Le Burkina Faso dans l’étau de sa propre politique économique
Le pouvoir de transition au Burkina Faso vient de subir un camouflet retentissant. Malgré des années à clamer haut et fort l’autonomie économique, Ibrahim Traoré a dû envoyer une mission officielle à Abidjan pour obtenir une aide financière d’urgence. Une décision qui sonne comme un aveu d’échec pour un régime qui prétendait tourner le dos à ses voisins et aux institutions régionales.

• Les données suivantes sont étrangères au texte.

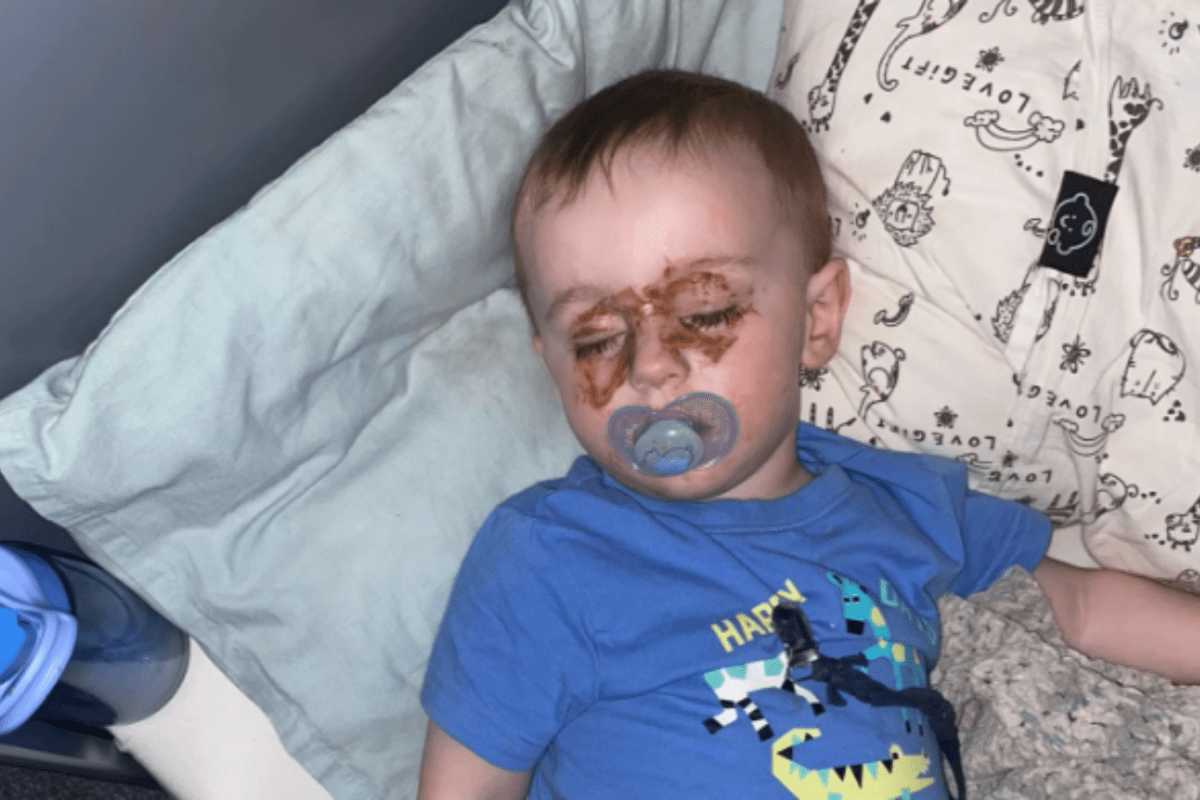 Mom checking on toddler at night spots strange marks on eyes—then realizes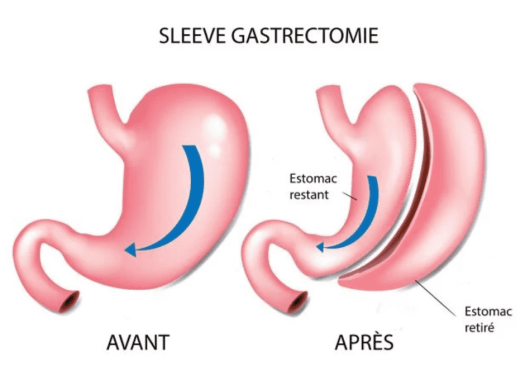 Sleeve Gastrectomie 2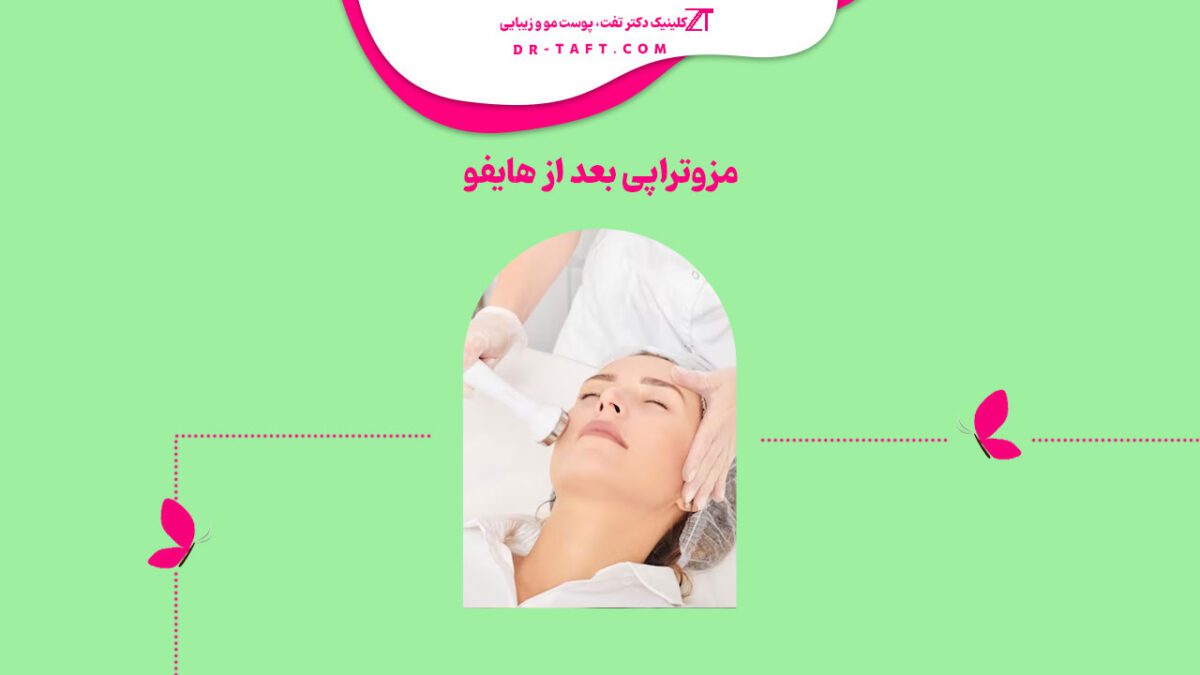 مزوتراپی بعد از هایفو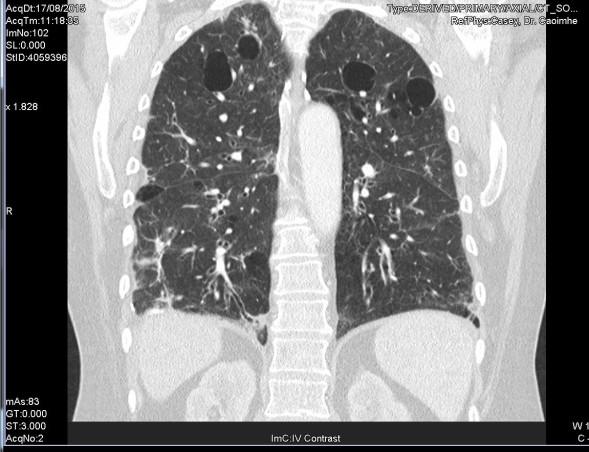 in most cases multiple, irregular-shaped cysts of various sizes, round or oval lower/ medial lung zone predominance abutting or including the proximal portions of lower pulmonary arteries or veins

Les caisses de l’État sont vides, et les dépenses militaires colossales ont épuisé les ressources disponibles. En se tournant vers la Côte d’Ivoire, Traoré reconnaît implicitement que ses discours sur la souveraineté ne suffisaient pas à combler le déficit budgétaire. Une volte-face qui interroge : comment continuer à dénoncer les puissances voisines tout en dépendant de leur générosité ?
L’impossible équation de la transition
Depuis le début de sa prise de pouvoir, Ibrahim Traoré a multiplié les déclarations enflammées contre les pays de la sous-région et la CEDEAO. Pourtant, face à la réalité des comptes publics, il a dû abandonner ses postures pour adopter une diplomatie de l’urgence. La demande d’aide adressée à Abidjan n’est pas un simple échange de bons procédés : elle révèle une détresse financière que ni les taxes exceptionnelles ni les appels à la solidarité nationale n’ont pu résoudre.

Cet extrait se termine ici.